I’ve just finished a review for Sphinx of Ian McMillan’s Smith/Doorstop pamphlet, This Lake Used to be Frozen: Lamps (2011), but it’s only 400 words and I’ve got more to say! So here are a few extra notes.
There’s a lot of everyday experience here, what the Russian Formalists would have called byt. Byt, derived from the same root as byt´, the verb ‘to be’, was usually placed in opposition to art. For Viktor Shklovskii, art was a means of refreshing our everyday experience by defamiliarising patterns of experience that had become habitual. By ‘making it strange’, it makes us look again.

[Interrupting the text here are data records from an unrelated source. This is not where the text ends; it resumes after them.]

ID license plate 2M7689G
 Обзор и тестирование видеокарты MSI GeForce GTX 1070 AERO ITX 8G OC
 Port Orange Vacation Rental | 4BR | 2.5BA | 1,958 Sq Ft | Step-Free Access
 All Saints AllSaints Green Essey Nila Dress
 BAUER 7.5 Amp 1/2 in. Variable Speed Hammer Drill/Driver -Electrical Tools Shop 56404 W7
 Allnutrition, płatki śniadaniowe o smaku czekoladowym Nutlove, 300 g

These days, however, the everyday has more going for it. In contrast to the artificial construction and simulation of experience through the mass media, the everyday is seen as a refuge of genuine experience. So in addition to the opposition of art vs life, we’ve also got what might be called hype vs life.
One of my favourite poems from this collection is ‘The Evening of the Day Pavarotti Died’. The very first line, read after the title, primes us for an art/hype vs life showdown:
I poured some Carnation Milk into a cup of coffee
We appear to be confronted with two irreconcilably different cultural artefacts here; can there be any overlap between the worlds of Pavarotti and Carnation milk? A couple of verses later, however, it turns out that this showdown is itself a construction, as Pavarotti enters the back gardens of a South Yorkshire neighbourhood, replete with sheds and squirrels:
[…] from Mr Lowe’s house next door
And from Steve’s house up the street we heard
The last note of Nessum Dorma rising and hangingThere like light on a tree.
Admittedly, Pavarotti has made his entrance via the radio, so maybe what we’re witnessing here is an instance of the mechanism by which mass media phenomena install themselves in the fabric of our lives, yet at the same time this is clearly also a moment of genuine and universal pathos. Pavarotti might have become an over-familiar and automated icon for artistic experience—to the point where you didn’t have to actually listen to Pavarotti, because you knew you were listening to Pavarotti—but this poem shows Pavarotti doing, even if just for a moment, exactly what he’s supposed to do: transforming the perception of our everyday environment.